■ Records contained in a dataset:

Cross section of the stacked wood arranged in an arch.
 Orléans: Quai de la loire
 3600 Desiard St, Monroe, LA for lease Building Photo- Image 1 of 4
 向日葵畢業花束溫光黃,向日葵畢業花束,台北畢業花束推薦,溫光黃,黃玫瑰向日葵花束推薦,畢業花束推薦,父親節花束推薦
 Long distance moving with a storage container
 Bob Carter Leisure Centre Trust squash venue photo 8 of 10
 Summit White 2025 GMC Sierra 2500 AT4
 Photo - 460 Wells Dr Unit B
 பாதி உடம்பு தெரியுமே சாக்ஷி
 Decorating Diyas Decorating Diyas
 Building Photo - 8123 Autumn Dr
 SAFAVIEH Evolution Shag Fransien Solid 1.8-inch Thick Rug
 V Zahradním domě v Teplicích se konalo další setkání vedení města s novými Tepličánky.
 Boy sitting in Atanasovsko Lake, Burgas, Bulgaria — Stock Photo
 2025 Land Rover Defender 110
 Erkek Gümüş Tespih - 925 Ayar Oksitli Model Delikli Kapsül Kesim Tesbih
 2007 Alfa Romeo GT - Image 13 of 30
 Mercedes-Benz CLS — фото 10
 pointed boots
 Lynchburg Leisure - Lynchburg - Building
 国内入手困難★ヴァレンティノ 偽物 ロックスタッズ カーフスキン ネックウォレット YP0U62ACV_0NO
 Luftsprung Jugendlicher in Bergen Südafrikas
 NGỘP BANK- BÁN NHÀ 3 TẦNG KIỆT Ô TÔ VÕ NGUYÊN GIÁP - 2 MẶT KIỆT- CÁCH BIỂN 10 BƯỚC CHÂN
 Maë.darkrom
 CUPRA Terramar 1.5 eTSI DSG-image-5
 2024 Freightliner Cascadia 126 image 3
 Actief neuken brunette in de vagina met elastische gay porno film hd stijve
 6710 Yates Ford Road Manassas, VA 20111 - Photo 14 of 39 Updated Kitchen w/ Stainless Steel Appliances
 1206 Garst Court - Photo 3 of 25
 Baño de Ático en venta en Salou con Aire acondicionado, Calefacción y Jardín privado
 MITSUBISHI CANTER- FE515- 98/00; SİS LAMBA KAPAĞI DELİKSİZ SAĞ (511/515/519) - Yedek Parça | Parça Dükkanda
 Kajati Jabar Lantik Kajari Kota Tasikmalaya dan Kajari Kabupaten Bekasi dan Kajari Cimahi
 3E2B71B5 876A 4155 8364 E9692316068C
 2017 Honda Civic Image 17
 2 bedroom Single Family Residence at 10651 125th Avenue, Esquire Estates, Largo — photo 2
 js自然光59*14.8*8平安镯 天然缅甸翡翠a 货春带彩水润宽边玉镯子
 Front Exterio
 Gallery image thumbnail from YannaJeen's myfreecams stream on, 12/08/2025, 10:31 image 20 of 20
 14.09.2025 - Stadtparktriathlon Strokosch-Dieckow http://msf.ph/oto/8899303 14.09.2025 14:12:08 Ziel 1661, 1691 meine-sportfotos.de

■ Work task:
Your answer should be one number: how many lines of the records hold "Building".

■ Exercise output:
3